Les employés chargés de l'exploitation du triage de Kamloops savaient tous que les trains de la RMV qui roulent vers l'est et vers l'ouest arrivent à Kamloops tous les dimanches, mardis et jeudis après-midi et qu'ils retournent au triage en début de soirée après avoir fait descendre leurs passagers au dépôt du centre-ville. Le coordonnateur de la circulation ferroviaire était au courant du retour imminent du train de la RMV au triage mais, comme les mouvements de triage sont tenus par le règlement de s'arrêter en deçà de la moitié de la distance de visibilité d'autres mouvements, il n'a pas jugé nécessaire de diffuser cette information ou d'aviser l'équipe de triage. En outre, comme l'équipe de triage du CN et les équipes de la RMV utilisent des canaux différents de communication radio, il n'y a eu aucun contact radio entre elles avant la collision. Les communications entre le coordonnateur de la circulation et les équipes des trains et entre les deux équipes mêlées à l'accident ont été inadéquates lorsqu'il s'est agi d'informer les équipes des positions respectives de chacune.

Faits établis quant aux causes et aux facteurs contributifs

  1. En raison de la vitesse du mouvement et de la distance qui le séparait du train de la Rocky Mountain Vacations Inc. (RMV), combinées au poids des wagons remorqués et au fait que ceux-ci n'avaient aucune capacité de freinage, la manœuvre d'aiguillage n'a pas pu s'immobiliser avant de heurter le train de la RMV.
  2. Même si la manœuvre d'aiguillage du Canadien National (CN) n'a pas dépassé la vitesse de 15 mi/h, elle n'a pas pu s'arrêter en deçà de la moitié de la distance de visibilité du matériel roulant, comme l'exige la règle 105 du Règlement d'exploitation ferroviaire du Canada (REF).
  3. Le fait que la compagnie de chemin de fer s'attende à ce que la vitesse de triage des wagons se rapproche le plus possible de la vitesse maximale de 15 mi/h et la nécessité de libérer la voie pour éviter de retarder le train roulant en direction ouest, ont été probablement des facteurs qui ont contribué au fait que le train ne puisse pas s'arrêter en deçà de la moitié de la distance de visibilité du matériel roulant.

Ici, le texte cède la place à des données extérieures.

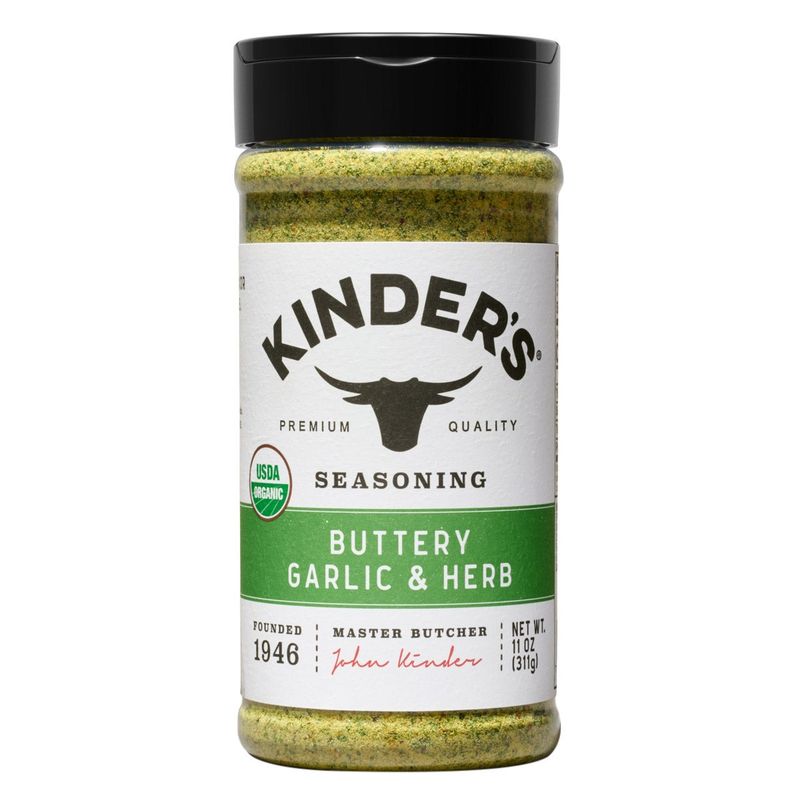 Kinder'S Organic Buttery Garlic & Herb 11 oz (.68 Lbs)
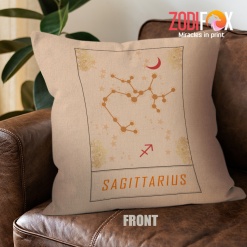 hot Sagittarius Moon Throw Pillow zodiac presents for astrology lovers – SAGITTARIUS-PL0026
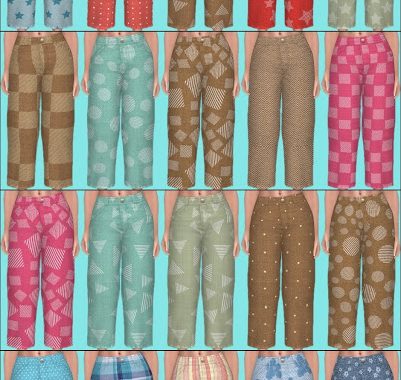 Discover University Clothes Recolors Part 2 at Annett’s Sims 4 Welt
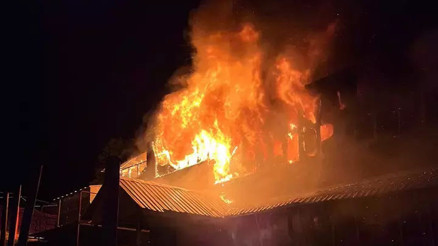 Uludağda otelde yangın çıktı Uludağda otelde yangın çıktı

Faits établis quant aux risques

  1. Bien qu'elle permette de gagner du temps, la pratique consistant à ne pas mettre en circuit les freins à air du matériel remorqué pendant le triage, même dans le cas de tranches de wagons de grande longueur, fait en sorte que les mécaniciens ont plus de difficulté à juger des distances d'arrêt, d'où un risque accru de collision.
  2. Les communications entre le coordonnateur de la circulation et les équipes des trains et entre les deux équipes mêlées à l'accident ont été inadéquates lorsqu'il s'est agi d'informer les équipes des positions respectives de chacune.

Mesures de sécurité prises

Le Canadien National (CN) a fait couper les arbres qui poussaient sous la travée d'accès ouest du passage supérieur routier, afin d'améliorer la visibilité le long de la voie de raccordement Okanagan (voie OCT). De plus, au moyen du bulletin d'exploitation no BC068 du 26 mai 2006, la compagnie a avisé les employés de l'exploitation qu'un signal, devant contrôler les mouvements en direction nord, avait été installé le long de la voie OCT à environ 500 pieds au sud du passage supérieur routier, et que des signaux devant contrôler les mouvements qui s'engagent dans la voie OCT , avaient été installés aux points de dégagement de l'extrémité ouest des voies KF21, 22, 23 et 24, sur l'épi de la RMV et sur la branche est du triangle de virage. Aucun mouvement ne doit dépasser ces signaux sans avoir obtenu l'autorisation expresse du chef de triage du triage Kamloops. Avant d'accorder la permission, le chef de triage du triage Kamloops doit s'assurer que les autres mouvements qui empruntent la voie OCT au-delà des signaux ont obtenu les autorisations voulues.

Le présent rapport met un terme à l'enquête du Bureau de la sécurité des transports du Canada (BST) sur cet événement. Le Bureau a autorisé la publication du rapport le 13 mars 2008.